I can share one personally, not from my own family but from research we did on caregivers who had a relative in long-term care who they hadn't been able to visit. We heard from a designated care person who was allowed to go in how difficult it was to not be able to have the full family support there. They recognized that their relative was at the end of life. That's already a difficult experience, with the grief and with preparing for that stage in life, but to be limited to doing it with only the staff there and maybe one additional person who was able to access the long-term care facility, for example, while the other family members either tried to be at the window or were just at a distance.... It's that lack of presence and that lack of humanness as well. That's what they were sharing with us. They said, “We knew mom was going to die and it's not that it was a surprise; it's the fact that she did it with only me and my sister there and that the others were just not being part of it.”

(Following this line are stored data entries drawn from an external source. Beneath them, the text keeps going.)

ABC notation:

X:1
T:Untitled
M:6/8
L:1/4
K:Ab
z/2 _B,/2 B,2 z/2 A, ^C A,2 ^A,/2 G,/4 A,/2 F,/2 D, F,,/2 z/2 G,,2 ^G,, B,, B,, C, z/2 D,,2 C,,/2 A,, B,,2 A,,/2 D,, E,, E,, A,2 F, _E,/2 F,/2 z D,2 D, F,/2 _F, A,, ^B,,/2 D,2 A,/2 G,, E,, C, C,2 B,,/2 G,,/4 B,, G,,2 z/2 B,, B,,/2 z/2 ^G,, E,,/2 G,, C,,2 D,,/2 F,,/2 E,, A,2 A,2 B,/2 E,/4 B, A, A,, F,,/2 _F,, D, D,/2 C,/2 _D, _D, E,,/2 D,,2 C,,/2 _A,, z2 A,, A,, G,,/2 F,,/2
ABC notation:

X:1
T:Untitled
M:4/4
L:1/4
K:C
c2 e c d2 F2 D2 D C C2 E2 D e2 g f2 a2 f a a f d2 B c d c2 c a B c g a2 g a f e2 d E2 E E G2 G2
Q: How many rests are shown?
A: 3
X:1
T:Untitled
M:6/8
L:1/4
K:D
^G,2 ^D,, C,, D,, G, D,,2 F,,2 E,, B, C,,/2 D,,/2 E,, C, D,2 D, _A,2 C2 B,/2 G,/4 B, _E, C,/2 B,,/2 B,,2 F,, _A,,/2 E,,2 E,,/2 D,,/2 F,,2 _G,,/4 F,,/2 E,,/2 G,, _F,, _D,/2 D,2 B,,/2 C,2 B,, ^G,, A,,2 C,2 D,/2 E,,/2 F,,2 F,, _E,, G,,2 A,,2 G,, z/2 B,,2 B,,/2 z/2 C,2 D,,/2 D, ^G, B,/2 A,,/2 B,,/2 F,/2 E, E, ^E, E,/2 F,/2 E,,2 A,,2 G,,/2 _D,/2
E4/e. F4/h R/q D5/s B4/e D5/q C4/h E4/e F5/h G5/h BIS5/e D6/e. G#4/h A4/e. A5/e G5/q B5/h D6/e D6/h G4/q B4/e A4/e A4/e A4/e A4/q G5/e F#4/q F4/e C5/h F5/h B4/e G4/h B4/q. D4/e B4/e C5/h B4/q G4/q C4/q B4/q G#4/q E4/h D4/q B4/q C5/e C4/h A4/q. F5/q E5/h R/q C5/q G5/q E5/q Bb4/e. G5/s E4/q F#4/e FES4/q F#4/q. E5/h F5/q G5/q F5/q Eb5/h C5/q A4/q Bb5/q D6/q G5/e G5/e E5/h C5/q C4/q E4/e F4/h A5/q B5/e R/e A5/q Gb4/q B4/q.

This caregiver said, “I actually feel privileged that I was the one to be there, because that's part of my grieving process”, but the other family members who weren't able to be there are living a very different grieving process, and it makes it very, very difficult.

4:15 p.m.

Conservative

Corey Tochor Conservative Saskatoon—University, SK

Before we hear Victor's comments on this, have you heard of more seniors turning, unfortunately, to MAID? There have been media reports that seniors are just giving up. Getting vaccines into the province or into the country has been too slow. Have you heard of that?

4:15 p.m.

Professor, National Seniors Council

Dr. Suzanne Dupuis-Blanchard

I've not heard of requesting or thinking about MAID, but I have certainly heard of seniors wanting to stop eating.

4:15 p.m.

Conservative

Corey Tochor Conservative Saskatoon—University, SK

That's unfortunate.

Victor.

4:15 p.m.

Associate Professor, McMaster University, As an Individual

Dr. Victor Kuperman

I would just add one personal story. I have a friend who works in a long-term care facility. What she told me was that the seniors who were, unfortunately, in their terminal stages were trying to make arrangements to be on the first floor of that facility because that allows window access. They could see their loved ones. This makes a lot of difference for them. There's a sad aspect both, of course, for those who pass away and for their families. The grieving has multiplied.

4:20 p.m.

Conservative

Corey Tochor Conservative Saskatoon—University, SK

Victor, have you heard of, unfortunately, more people accessing MAID in some of your studies?

4:20 p.m.

Associate Professor, McMaster University, As an Individual

Dr. Victor Kuperman

I've not directly, but that is something I will definitely start paying attention to.

4:20 p.m.

Conservative

Corey Tochor Conservative Saskatoon—University, SK

I appreciate that.

I understand that you have a study coming out shortly on the loneliness and the aspects of mental health in seniors during these trying times.

Just quickly, have you heard of many seniors who are waiting to access surgical care or health care outside of COVID concerns?